Le esportazioni di armi nazionali ucraine erano state pesantemente limitate dall'inizio dell'invasione su larga scala della Russia e tutto ciò che usciva dalle linee di produzione dirottato verso lo sforzo bellico.

L'industria ucraina della difesa e il suo settore dei droni sono cresciuti enormemente dall'inizio della guerra russa. Circa 800 produttori di armi operano attualmente in Ucraina e molti di questi hanno raggiunto una sovrapproduzione significativa.

Secondo i rapporti più recenti, l**'Ucraina sta producendo oltre 4 milioni di droni all'anno e potrebbe raddoppiare questo numero** con finanziamenti sufficienti.

I produttori di armi hanno chiesto per mesi al governo di Kiev di abolire le restrizioni alla vendita di attrezzature militari di produzione nazionale, in particolare droni, per generare maggiori entrate. Per più di metà anno il governo ha lavorato su quello che ha definito "esportazione controllata" di armi.

Secondo il sistema proposto, l'Ucraina esporterà le attrezzature militari in eccedenza per finanziare le armi urgentemente necessarie.

Ufficiali del Servizio di sicurezza ucraino si trovano davanti ai droni Sea Baby, durante una dimostrazione in una località non rivelata dell'Ucraina, venerdì 17 ottobre 2025.
Funzionari del Servizio di sicurezza ucraino sono in piedi accanto ai droni Sea Baby, durante una dimostrazione in una località non rivelata dell'Ucraina, venerdì 17 ottobre 2025. AP Photo

Era una richiesta dei produttori di armi dell'Ucraina

Nel maggio 2025, i produttori ucraini di sistemi di difesa hanno inviato una lettera pubblica a Zelensky, chiedendogli di eliminare le restrizioni all'export di armi nazionali per aiutare il settore a crescere e a integrarsi meglio nell'architettura di sicurezza europea.

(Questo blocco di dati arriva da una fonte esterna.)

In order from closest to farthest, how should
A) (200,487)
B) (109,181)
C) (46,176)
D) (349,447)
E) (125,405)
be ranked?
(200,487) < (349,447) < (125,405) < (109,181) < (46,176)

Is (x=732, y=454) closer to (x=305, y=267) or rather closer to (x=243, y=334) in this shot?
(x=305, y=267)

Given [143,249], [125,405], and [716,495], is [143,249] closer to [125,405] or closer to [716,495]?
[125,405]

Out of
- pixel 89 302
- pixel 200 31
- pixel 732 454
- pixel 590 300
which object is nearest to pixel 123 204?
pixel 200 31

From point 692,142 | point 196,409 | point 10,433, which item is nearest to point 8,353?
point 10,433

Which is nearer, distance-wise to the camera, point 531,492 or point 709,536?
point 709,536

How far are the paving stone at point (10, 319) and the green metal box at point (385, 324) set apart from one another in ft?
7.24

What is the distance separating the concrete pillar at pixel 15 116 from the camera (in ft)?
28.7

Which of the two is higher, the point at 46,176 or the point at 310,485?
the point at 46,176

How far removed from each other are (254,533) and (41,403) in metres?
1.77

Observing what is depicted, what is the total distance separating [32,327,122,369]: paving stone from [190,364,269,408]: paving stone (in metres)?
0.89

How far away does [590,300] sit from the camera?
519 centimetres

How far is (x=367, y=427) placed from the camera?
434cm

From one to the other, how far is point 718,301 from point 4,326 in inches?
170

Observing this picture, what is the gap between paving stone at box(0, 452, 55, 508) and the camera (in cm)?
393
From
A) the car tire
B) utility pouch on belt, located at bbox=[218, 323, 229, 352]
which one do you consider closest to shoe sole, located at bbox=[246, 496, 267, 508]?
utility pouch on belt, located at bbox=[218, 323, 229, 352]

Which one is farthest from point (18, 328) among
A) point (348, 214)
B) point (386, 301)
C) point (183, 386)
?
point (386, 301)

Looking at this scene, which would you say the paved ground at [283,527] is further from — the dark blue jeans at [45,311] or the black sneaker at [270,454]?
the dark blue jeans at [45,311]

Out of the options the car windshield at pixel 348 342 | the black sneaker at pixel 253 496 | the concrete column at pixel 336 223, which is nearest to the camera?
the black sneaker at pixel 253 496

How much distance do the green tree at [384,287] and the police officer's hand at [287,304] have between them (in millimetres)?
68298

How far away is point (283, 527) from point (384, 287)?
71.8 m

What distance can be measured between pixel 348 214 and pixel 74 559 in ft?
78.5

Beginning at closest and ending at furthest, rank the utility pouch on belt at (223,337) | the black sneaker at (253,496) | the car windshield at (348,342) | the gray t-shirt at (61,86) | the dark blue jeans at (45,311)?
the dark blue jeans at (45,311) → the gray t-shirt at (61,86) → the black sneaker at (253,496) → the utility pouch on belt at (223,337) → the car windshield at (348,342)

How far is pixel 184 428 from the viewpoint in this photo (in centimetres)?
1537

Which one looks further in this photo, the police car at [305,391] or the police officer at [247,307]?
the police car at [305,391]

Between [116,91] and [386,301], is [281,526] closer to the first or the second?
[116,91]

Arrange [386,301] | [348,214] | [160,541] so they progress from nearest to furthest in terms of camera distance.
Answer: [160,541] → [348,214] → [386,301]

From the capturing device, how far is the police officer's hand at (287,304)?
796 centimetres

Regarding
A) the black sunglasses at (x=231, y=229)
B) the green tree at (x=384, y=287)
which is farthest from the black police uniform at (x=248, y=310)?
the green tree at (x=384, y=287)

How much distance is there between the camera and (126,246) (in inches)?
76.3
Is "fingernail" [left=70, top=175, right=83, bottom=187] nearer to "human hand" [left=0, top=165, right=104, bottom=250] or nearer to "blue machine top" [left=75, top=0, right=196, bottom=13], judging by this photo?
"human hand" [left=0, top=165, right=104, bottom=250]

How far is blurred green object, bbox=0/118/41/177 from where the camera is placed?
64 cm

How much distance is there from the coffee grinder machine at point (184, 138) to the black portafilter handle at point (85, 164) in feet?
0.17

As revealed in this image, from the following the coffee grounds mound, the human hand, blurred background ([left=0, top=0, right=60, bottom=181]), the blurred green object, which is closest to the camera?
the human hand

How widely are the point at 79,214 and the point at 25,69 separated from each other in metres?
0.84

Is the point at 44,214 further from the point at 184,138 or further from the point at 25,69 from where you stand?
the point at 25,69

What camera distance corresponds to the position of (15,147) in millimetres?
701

"È ora di dimostrare che l'Ucraina è in grado di essere non solo una parte che riceve il sostegno internazionale, ma anche un partner a tutti gli effetti che esporta sicurezza attraverso la cooperazione, la tecnologia e la propria esperienza", recitava la lettera.

"Mentre l'Europa è alle prese con l'incertezza transatlantica e i conflitti armati si intensificano in tutto il mondo, i nostri partner strategici cercano attivamente di rafforzare le loro capacità di difesa attraverso soluzioni tecnologiche innovative e accessibili", spiegavano i produttori ucraini.

"E qui l'Ucraina ha un vantaggio unico. La nostra industria della difesa - si concludeva nella lettera - sta già producendo le tecnologie che il mondo sta cercando".

Annunciando lunedì i 10 centri di esportazione di armi in Europa, Zelensky ha sottolineato che questo progetto fa parte di un più ampio sforzo di internazionalizzazione della produzione di armi ucraina.

"Oggi la sicurezza dell'Europa si basa sulla tecnologia e sui droni. Ci sono diversi progetti. Tutto questo si baserà in gran parte su tecnologie ucraine e specialisti ucraini", ha detto il presidente.